Pengamat Hukum Pidana Universitas Katolik Widya Mandira (Unwira) Kupang, Mikael Feka, meminta Mabes Polri mengaudit seleksi calon taruna (catar) Akademi Kepolisian (Akpol) di Nusa Tenggara Timur (NTT). Audit dilakukan secara menyeluruh melihatkan tim eksternal yang berkompeten.
"Perlu dibentuk tim dari Mabes Polri dengan dan pihak eksternal yang kompeten untuk melakukan audit dari tahap awal sampai tahap pengumuman hasil catar," kata Mikael kepada detikBali di Kupang, Selasa (9/7/2024).
Audit seleksi Akpol di NTT perlu dilakukan buntut sebanyak 11 catar yang lulus menuai protes masyarakat. Pasalnya, seleksi catar Akpol di NTT dinilai tidak adil karena kebanyakan yang lulus bukan putra asli daerah.
SCROLL TO CONTINUE WITH CONTENT
Mikael mengatakan harus diaudit secara menyeluruh untuk menjawab pertanyaan publik yang berpolemik soal kelulusan catar Akpol dari NTT. Audit menjadi langkah yang perlu diambil Mabes Polri guna melihat secara utuh proses dan tahapan seleksi catar Akpol di NTT.
Ada dua kemungkinan yang terjadi jika ditemukan manipulasi data maupun praktik suap dalam seleksi catar Akpol di NTT. Pertama, pelaku dapat dimintai pertanggungjawaban pidana berdasarkan Pasal 263 juncto Pasal 266 Kitab Undang-Undang Hukum Pidana (KUHP) dan Pasal Pasal 5 Undang-Undang Tindak Pidana Korupsi (Tipikor).

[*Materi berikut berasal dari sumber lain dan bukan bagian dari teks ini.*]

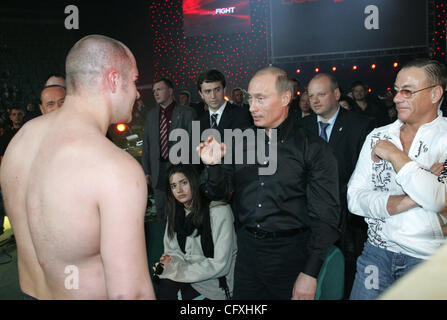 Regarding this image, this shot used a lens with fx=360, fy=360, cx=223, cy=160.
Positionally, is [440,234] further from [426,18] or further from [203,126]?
[426,18]

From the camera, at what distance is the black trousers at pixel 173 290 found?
2.81 metres

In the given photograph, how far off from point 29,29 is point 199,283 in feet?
37.8

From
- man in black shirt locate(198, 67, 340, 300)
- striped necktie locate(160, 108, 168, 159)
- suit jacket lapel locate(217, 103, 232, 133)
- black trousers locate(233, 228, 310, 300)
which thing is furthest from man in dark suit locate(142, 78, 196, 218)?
black trousers locate(233, 228, 310, 300)

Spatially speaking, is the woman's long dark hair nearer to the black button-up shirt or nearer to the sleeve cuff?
the black button-up shirt

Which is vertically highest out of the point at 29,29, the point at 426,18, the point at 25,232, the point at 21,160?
the point at 29,29

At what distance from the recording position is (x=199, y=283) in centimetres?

Selain itu, kelulusan catar Akpol juga dapat dibatalkan karena didasarkan pada proses yang manipulatif dan/atau koruptif.
Menurut Mikael, slogan Polri Presisi tidak dapat diharapkan jika proses rekrutmen Akpol masih menuai polemik atau pertanyaan besar di tengah masyarakat. Oleh karena itu, tegas Mikael, perlu kontrol para wakil rakyat, baik di pusat maupun daerah, serta masyarakat.
"Negara ini negara hukum yang demokratis, jadi masyarakat perlu berperan aktif dalam segala lini yang berkaitan dengan penegakan hukum. Kalau ada keseriusan dari Kapolri dan dukungan politik dari wakil rakyat, saya yakin polemik ini akan terungkap kebenarannya," ungkap Mikael.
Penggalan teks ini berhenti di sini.